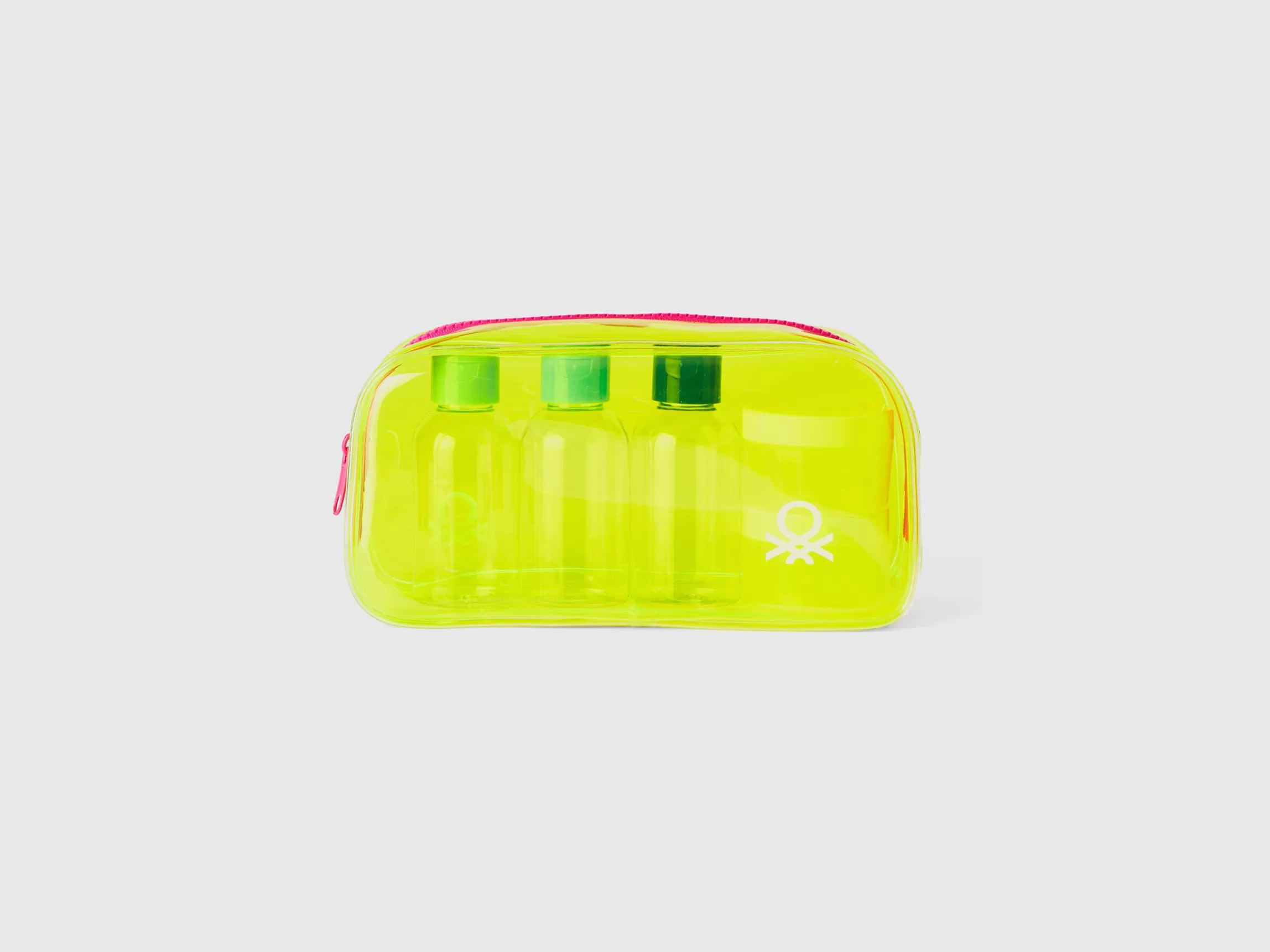 United Colors of Benetton beauty travel case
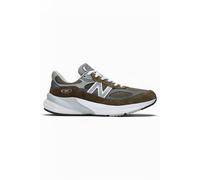 New Balance U990og6 Made In Usa Sneakers In Olive Größe: 42 | Trainers Outlet | Unisex | Grün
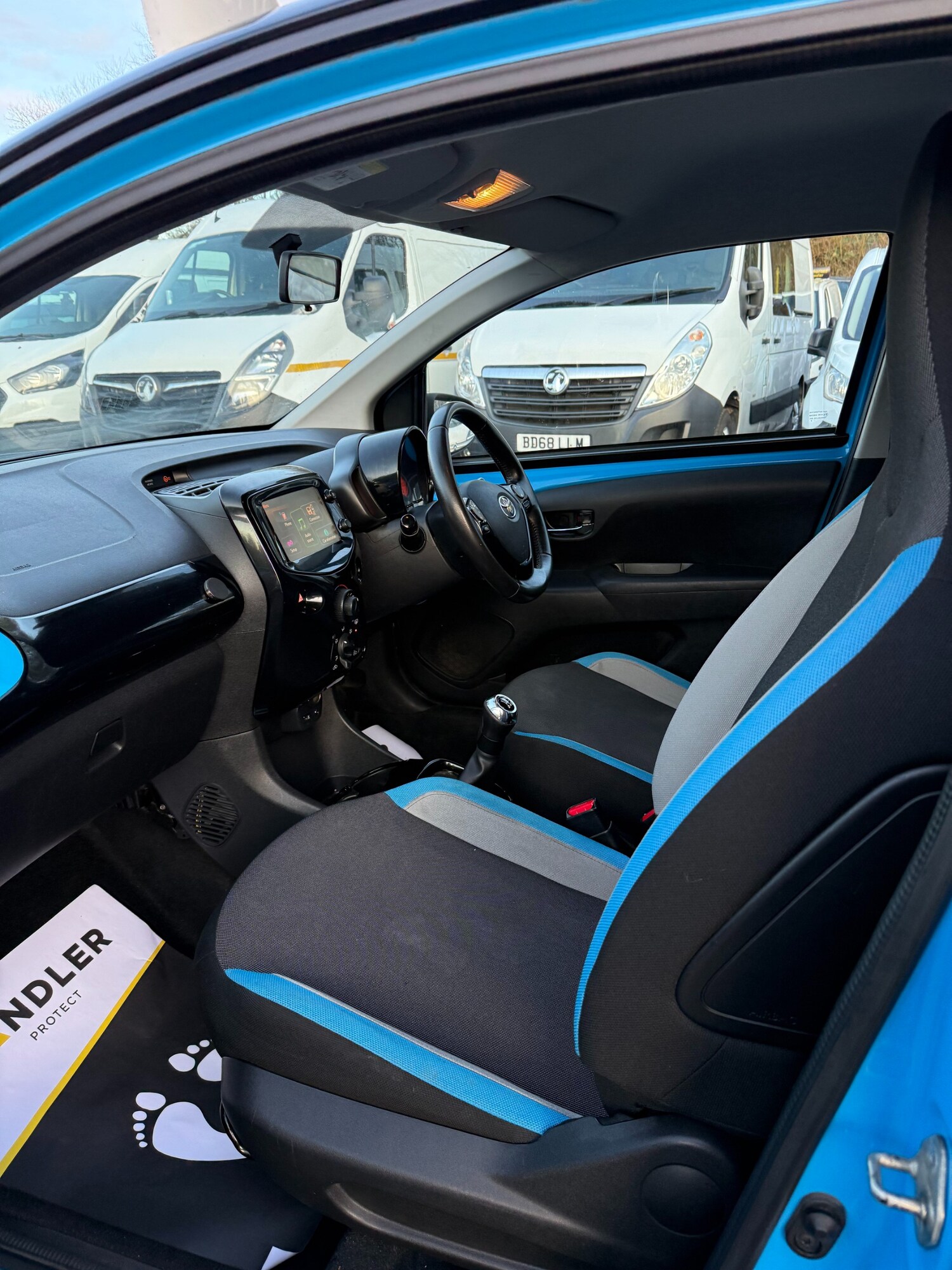 Used Toyota AYGO 2015 for sale - 77536095: Photo 16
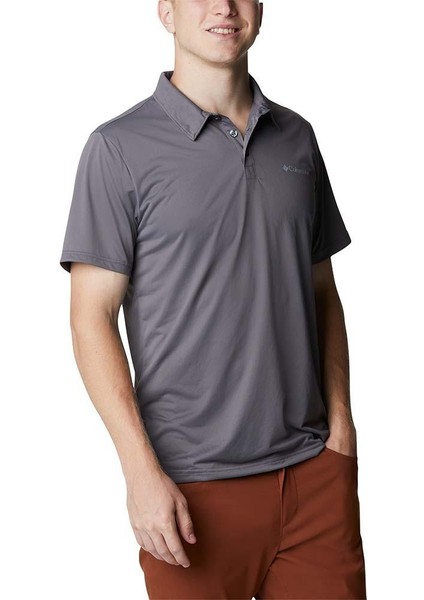 Hike Erkek Gri Polo Tişört modelleri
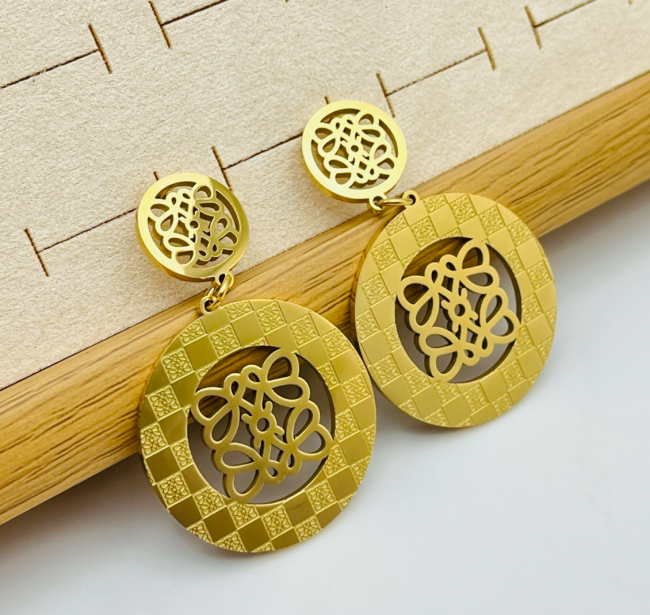 Fashion Earrings No Box #GUI #LOV 
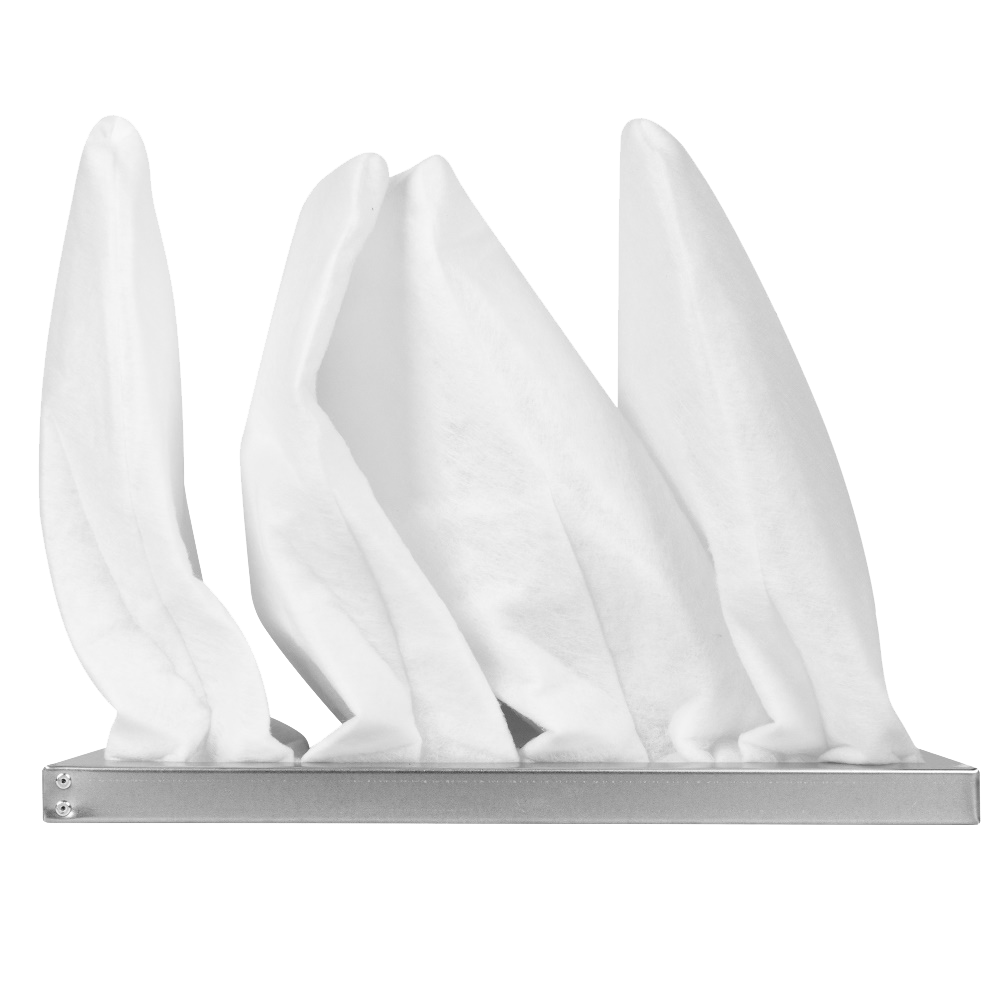 Карманный фильтр серии ZFFS(EU3) 400*200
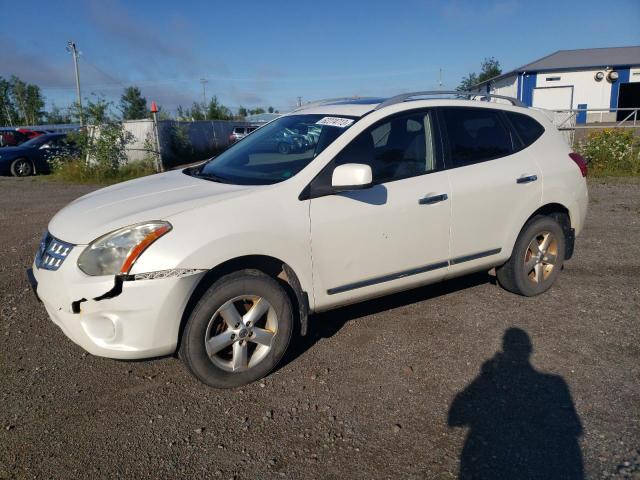 NISSAN ROGUE S 2013 jn8as5mvxdw127685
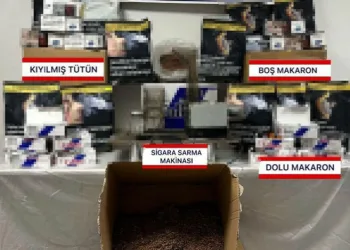 Jandarmadan uyuşturucu operasyonu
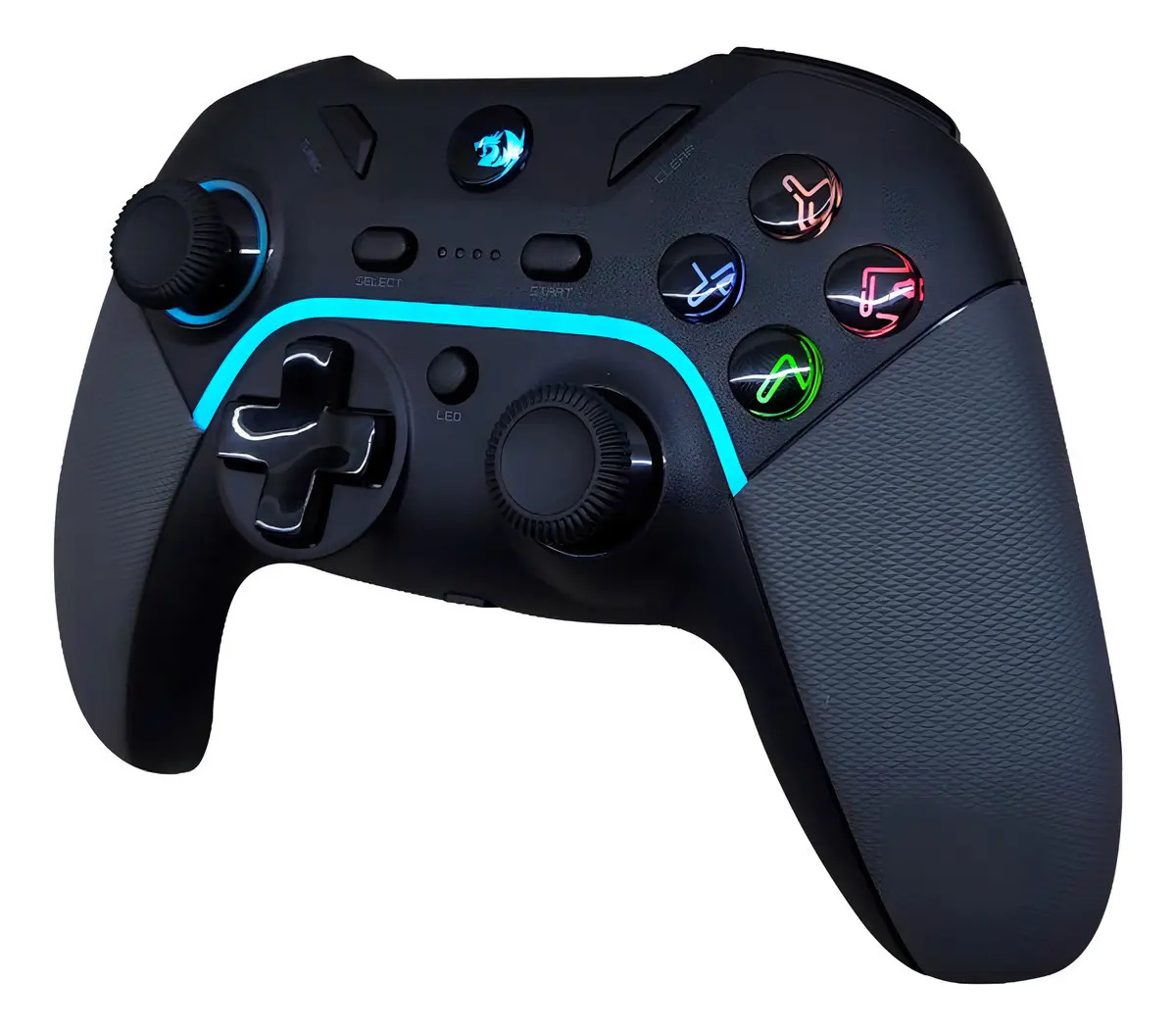 Control Inalámbrico Redragon Harrow Pro G808 Pro 2.4GHz - imagen 2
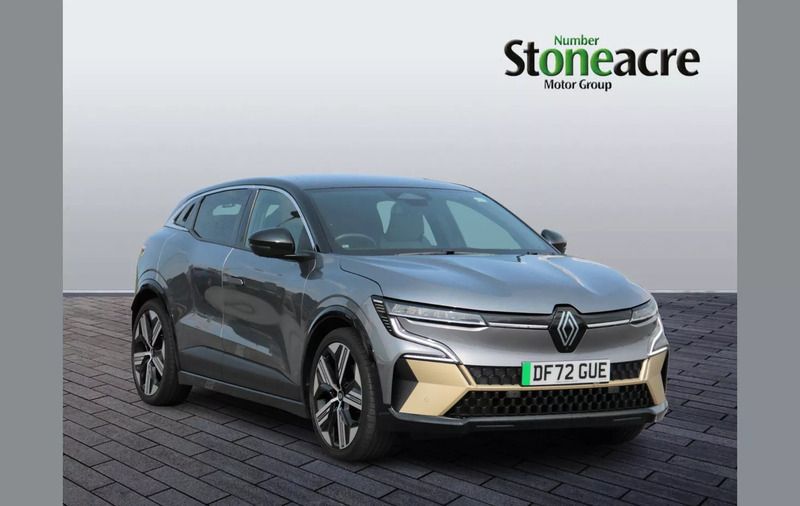 Other Used 2022 Renault Mégane Hatchback | £17,995 (Fair price) - Image 1/4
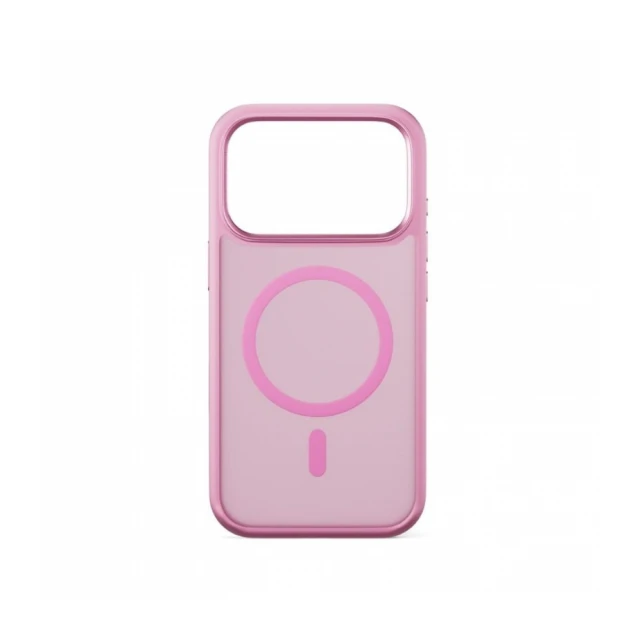 Epico HeroMatte Pro Mag+ Case iPhone 17 Pro Max Qi2 &amp; MagSafe Compatible - pink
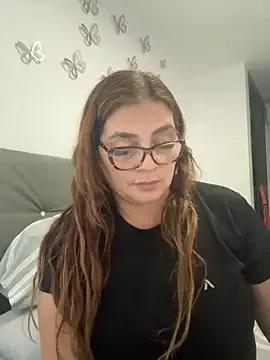 AntonellaVioleta from StripChat is Freechat
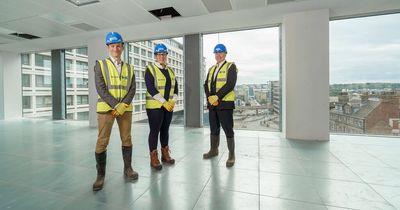 First tenant confirmed for prominent Newcastle office Bank House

####

Copy the records exactly as they appear, leaving every picture out.

 United Colors of Benetton beauty travel case
 New Balance U990og6 Made In Usa Sneakers In Olive Größe: 42 | Trainers Outlet | Unisex | Grün
 Used Toyota AYGO 2015 for sale - 77536095: Photo 16
 Hike Erkek Gri Polo Tişört modelleri
 Fashion Earrings No Box #GUI #LOV 
 Карманный фильтр серии ZFFS(EU3) 400*200
 NISSAN ROGUE S 2013 jn8as5mvxdw127685
 Jandarmadan uyuşturucu operasyonu
 Control Inalámbrico Redragon Harrow Pro G808 Pro 2.4GHz - imagen 2
 Other Used 2022 Renault Mégane Hatchback | £17,995 (Fair price) - Image 1/4
 Epico HeroMatte Pro Mag+ Case iPhone 17 Pro Max Qi2 &amp; MagSafe Compatible - pink
 AntonellaVioleta from StripChat is Freechat
 First tenant confirmed for prominent Newcastle office Bank House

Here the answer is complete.